Input material

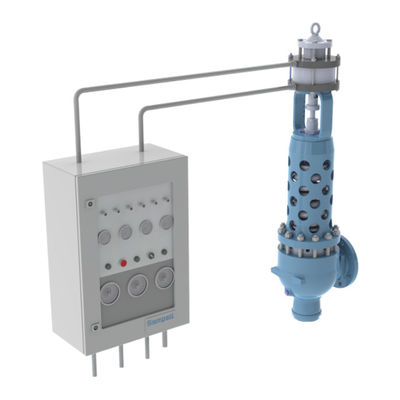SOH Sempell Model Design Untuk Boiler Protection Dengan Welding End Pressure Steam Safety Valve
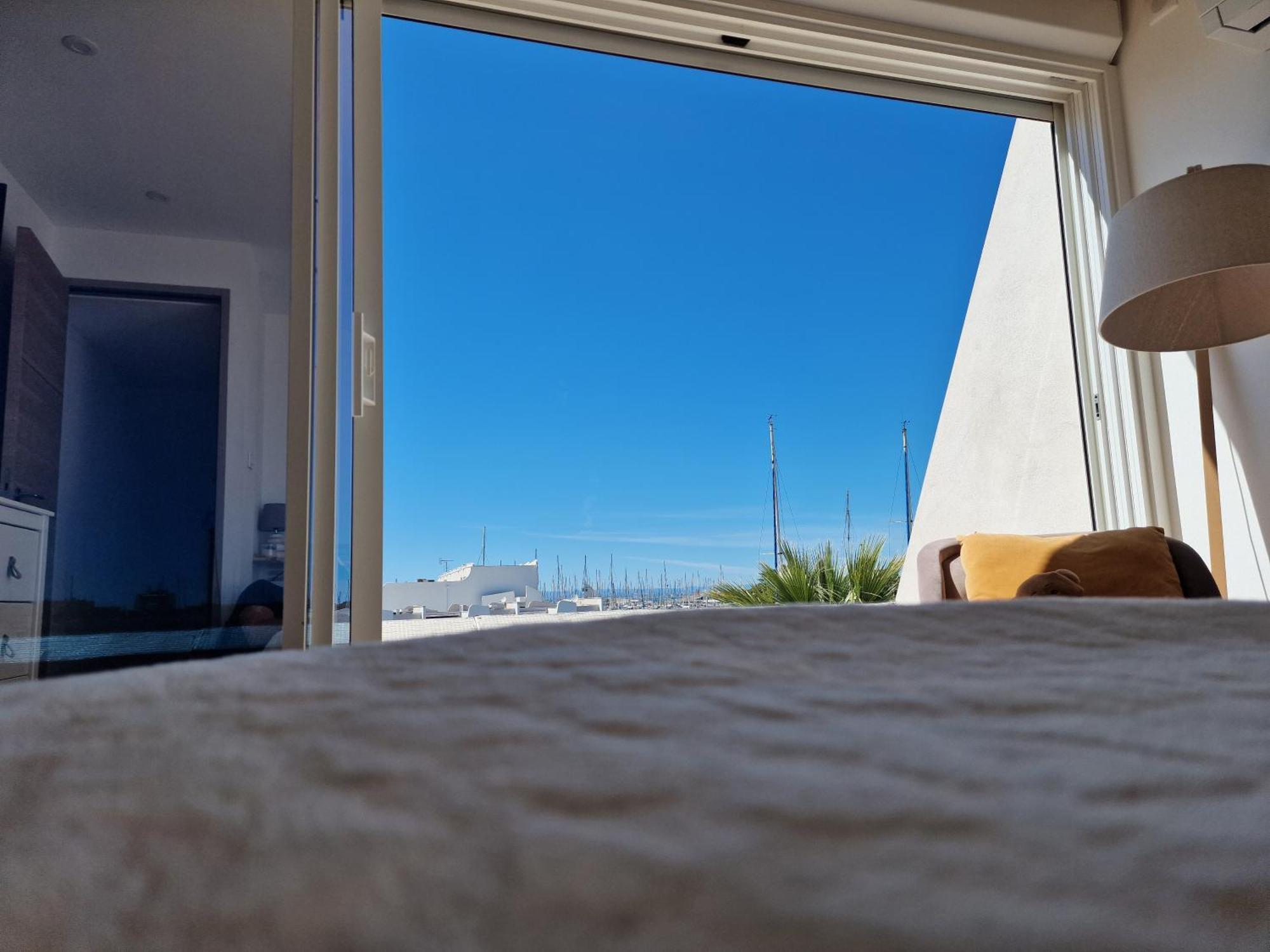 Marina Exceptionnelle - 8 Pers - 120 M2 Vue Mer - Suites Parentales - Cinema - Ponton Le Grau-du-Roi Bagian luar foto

--

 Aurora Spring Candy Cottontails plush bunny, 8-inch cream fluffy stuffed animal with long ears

==

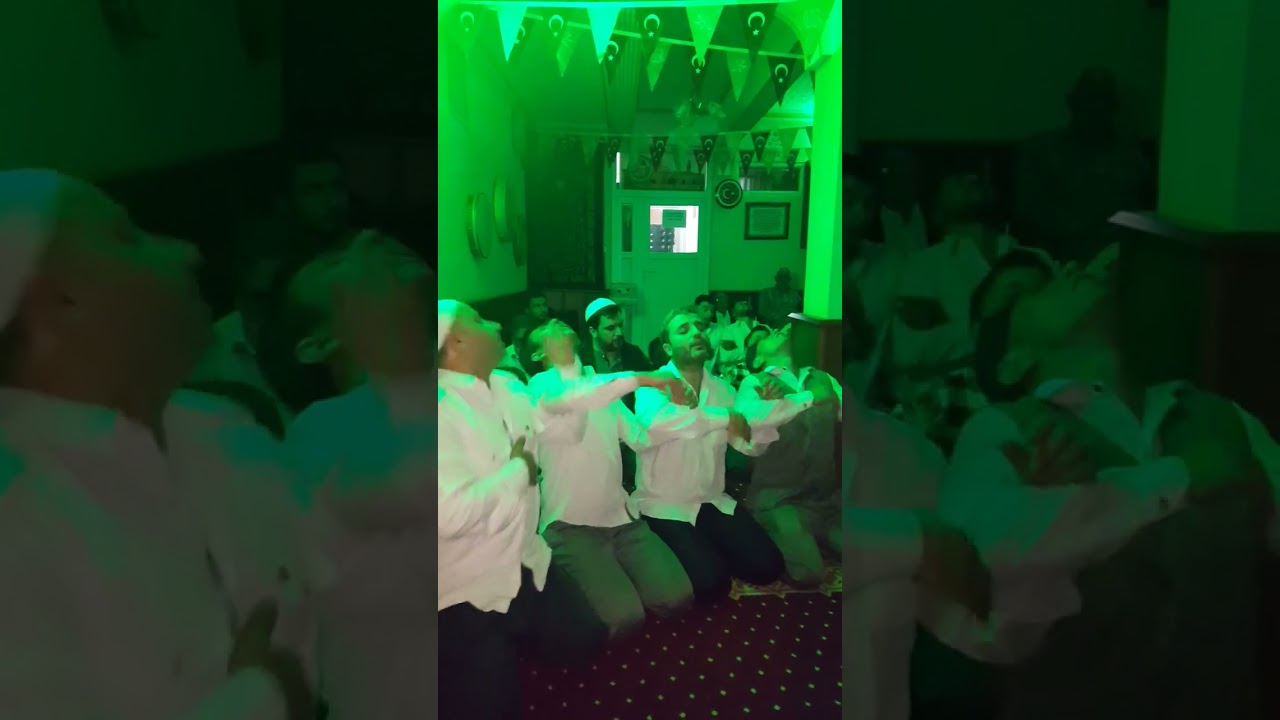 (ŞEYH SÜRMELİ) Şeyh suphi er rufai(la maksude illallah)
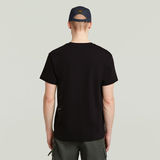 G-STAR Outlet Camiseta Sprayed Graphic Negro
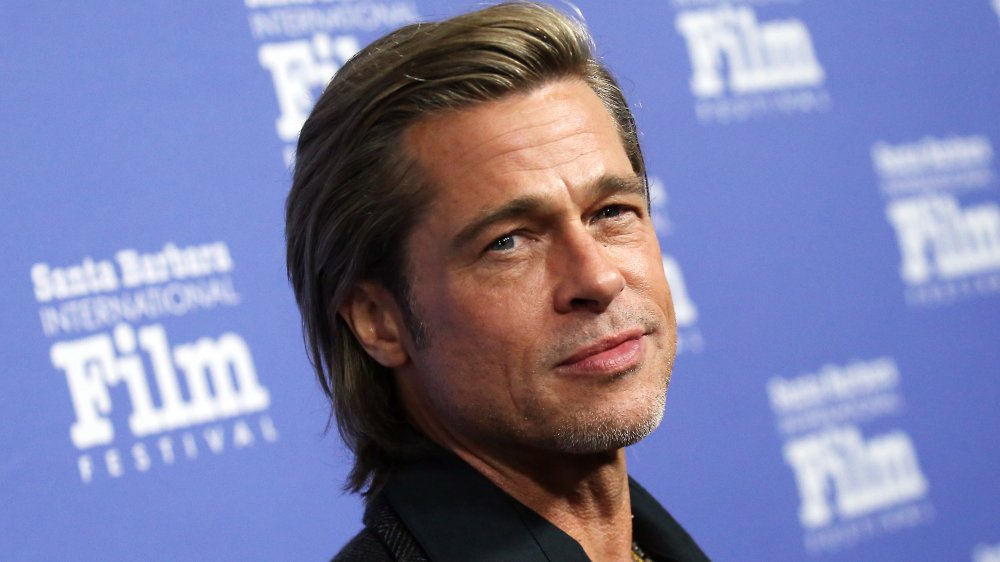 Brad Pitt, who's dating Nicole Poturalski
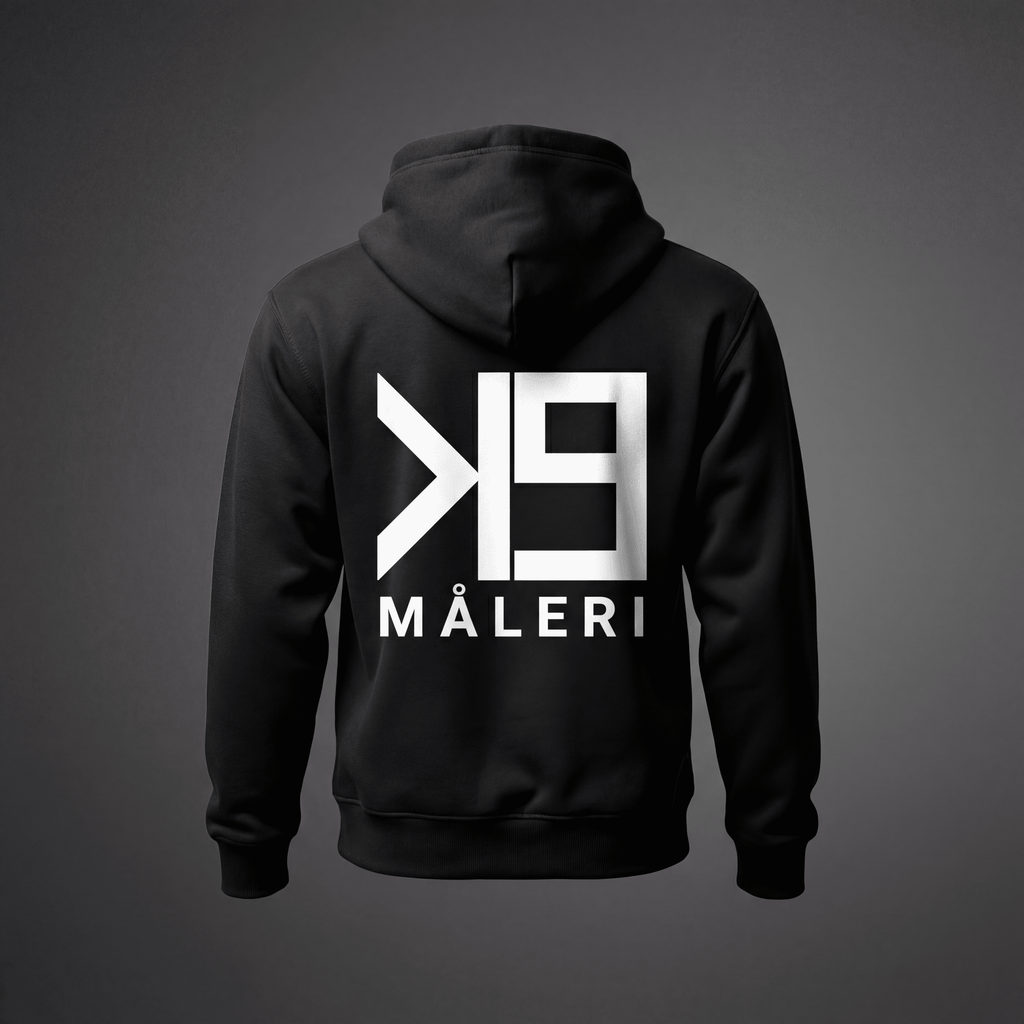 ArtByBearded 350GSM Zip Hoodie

What the task requires
Please output the lines above beginning at the line with "SOH Sempell Model" and ending after the line with "Marina Exceptionnelle - 8", precisely as written and with no pictures.

Solution
SOH Sempell Model Design Untuk Boiler Protection Dengan Welding End Pressure Steam Safety Valve
 Marina Exceptionnelle - 8 Pers - 120 M2 Vue Mer - Suites Parentales - Cinema - Ponton Le Grau-du-Roi Bagian luar foto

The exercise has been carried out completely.